• Task directions
Give back, exactly and with nothing else, the lines running from the one that contains "Perla Alba Apartments" to the end of the entries below; do not include pictures.

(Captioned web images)
Start of Block
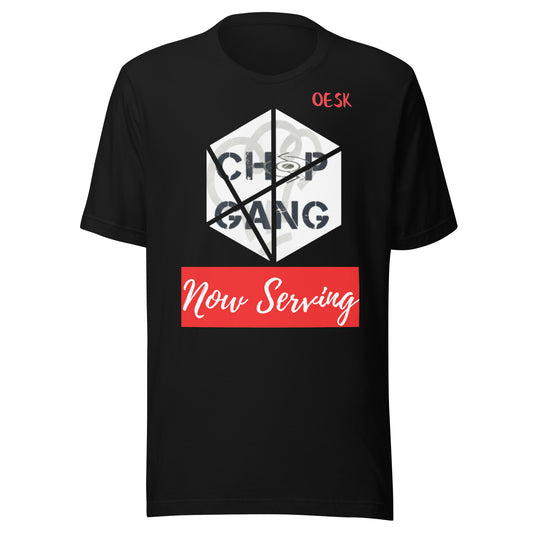 Chop Gang Vol. II, Ver. I T-shirt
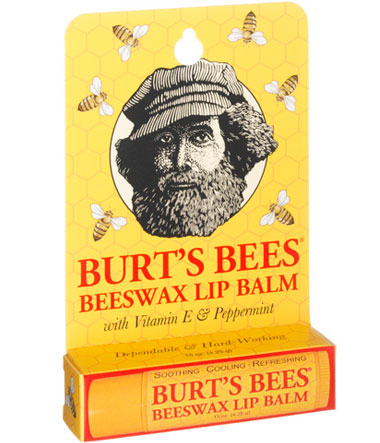 Lip Balm - Beeswax Lip Balm Tubes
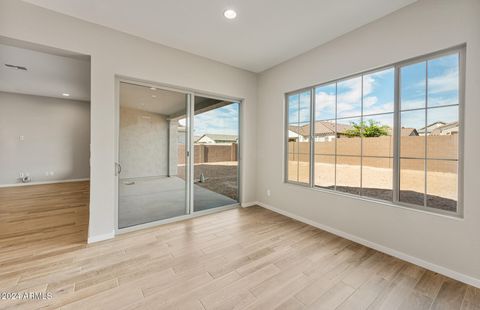 A home in Queen Creek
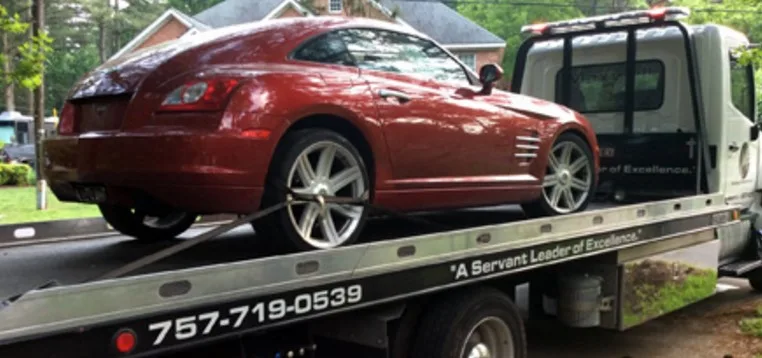 Galaxy Towing Service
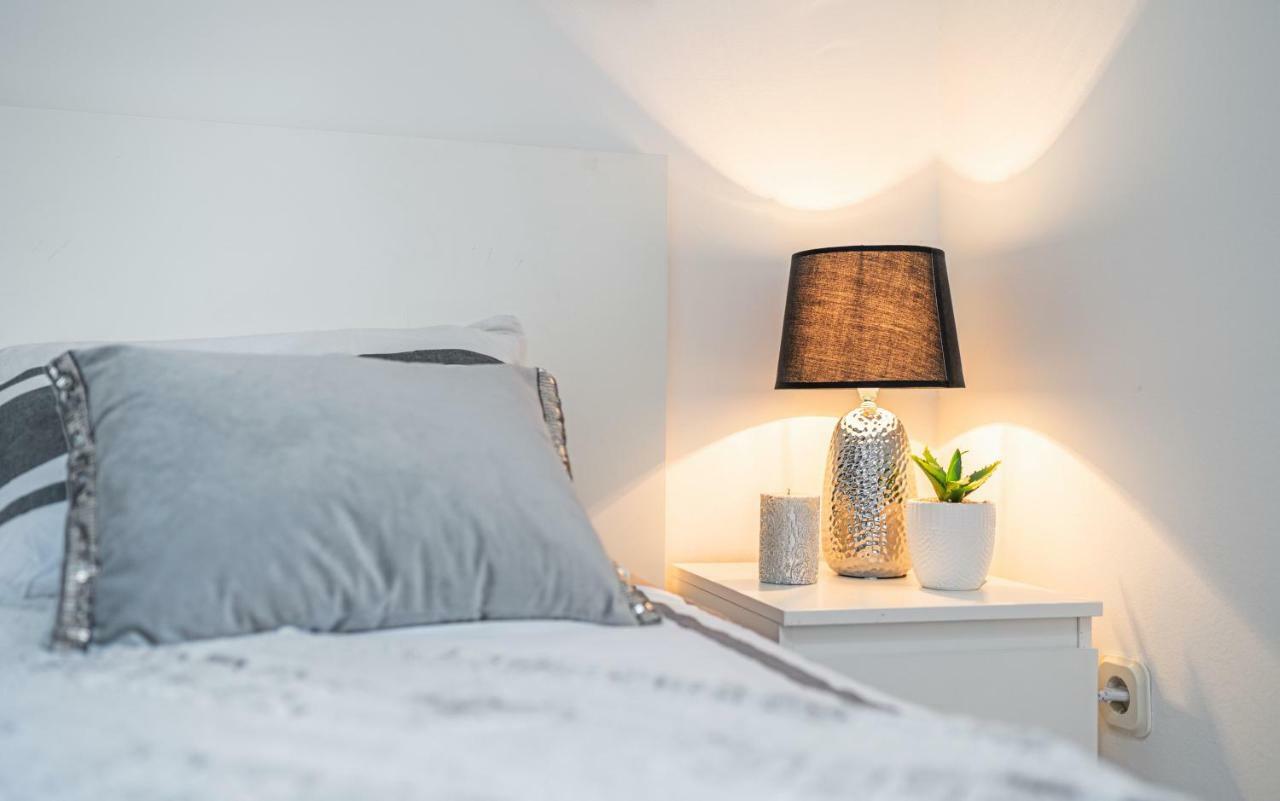 Perla Alba Apartments Tribalj المظهر الخارجي الصورة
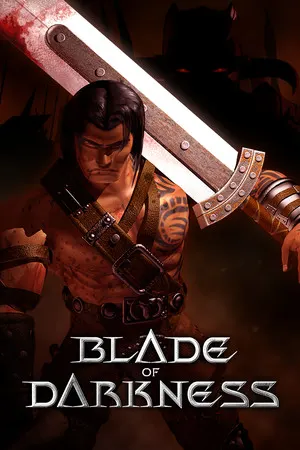 Copertina di Blade of Darkness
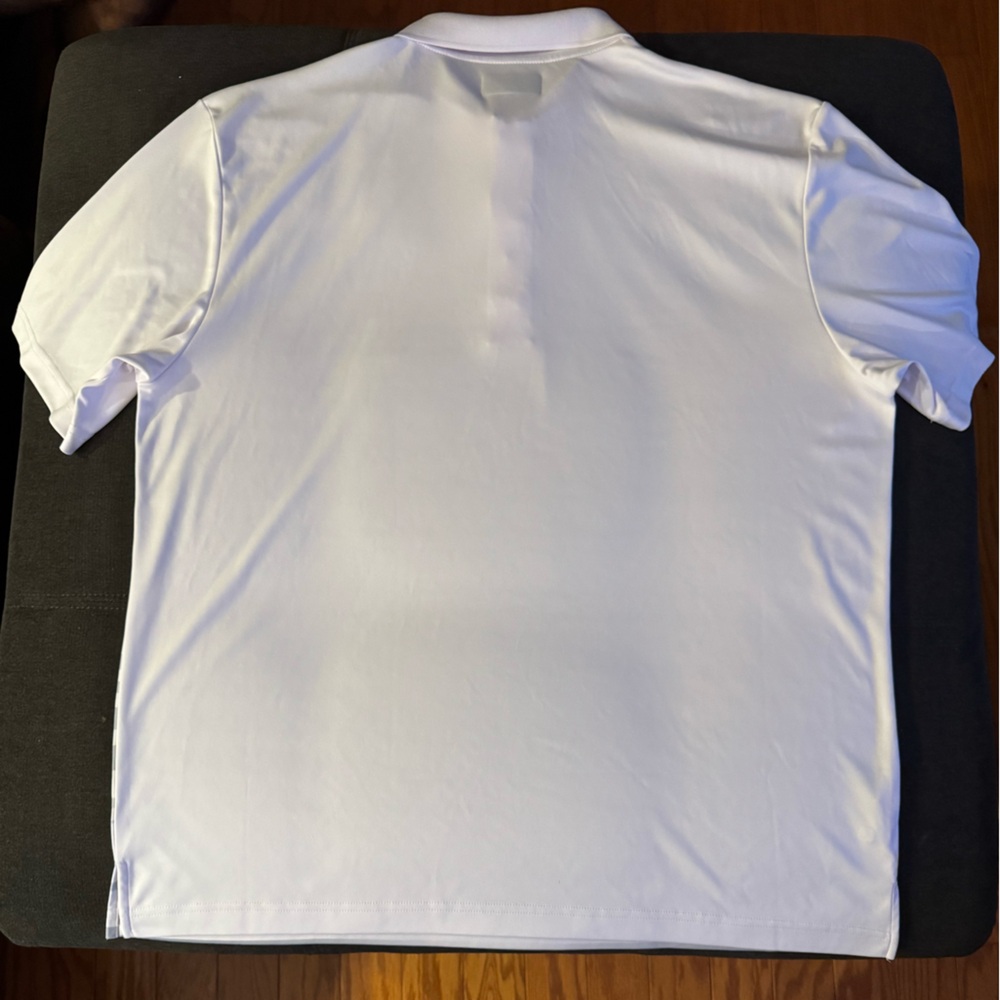 PGA Tour Pro Series White Polo - Picture 3 of 4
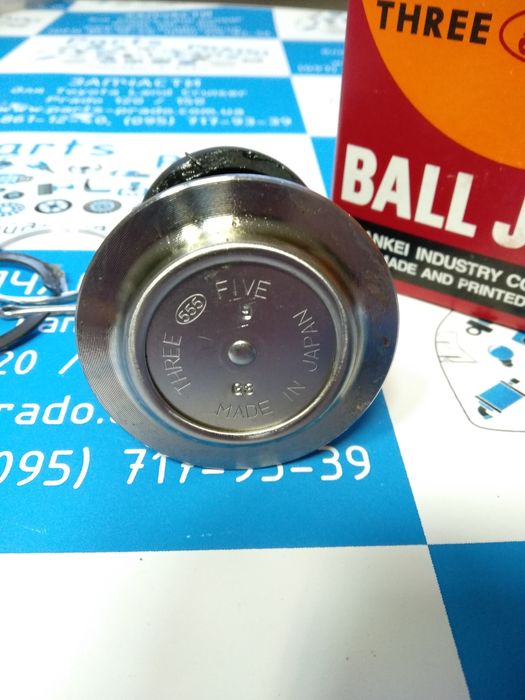 ЯПОНИЯ Шаровая опора верхнего рычага Тойота Прадо(Prado)120/150,GX470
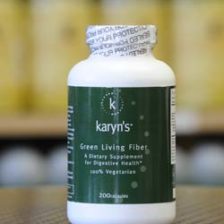 Green Living Fiber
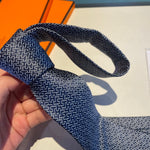 Handcrafted Jacquard Tie-9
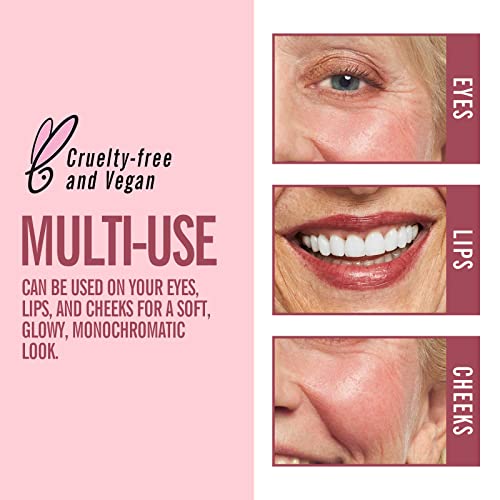 Kimuse Multi Stick Trio Face Makeup, Cream Blush Stick For Cheeks & Lips, Moisturizer & Highlighter Makeup Sticks For All Skin #TOP3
End of Block
• Result
 Perla Alba Apartments Tribalj المظهر الخارجي الصورة
 Copertina di Blade of Darkness
 PGA Tour Pro Series White Polo - Picture 3 of 4
 ЯПОНИЯ Шаровая опора верхнего рычага Тойота Прадо(Prado)120/150,GX470
 Green Living Fiber
 Handcrafted Jacquard Tie-9
 Kimuse Multi Stick Trio Face Makeup, Cream Blush Stick For Cheeks & Lips, Moisturizer & Highlighter Makeup Sticks For All Skin #TOP3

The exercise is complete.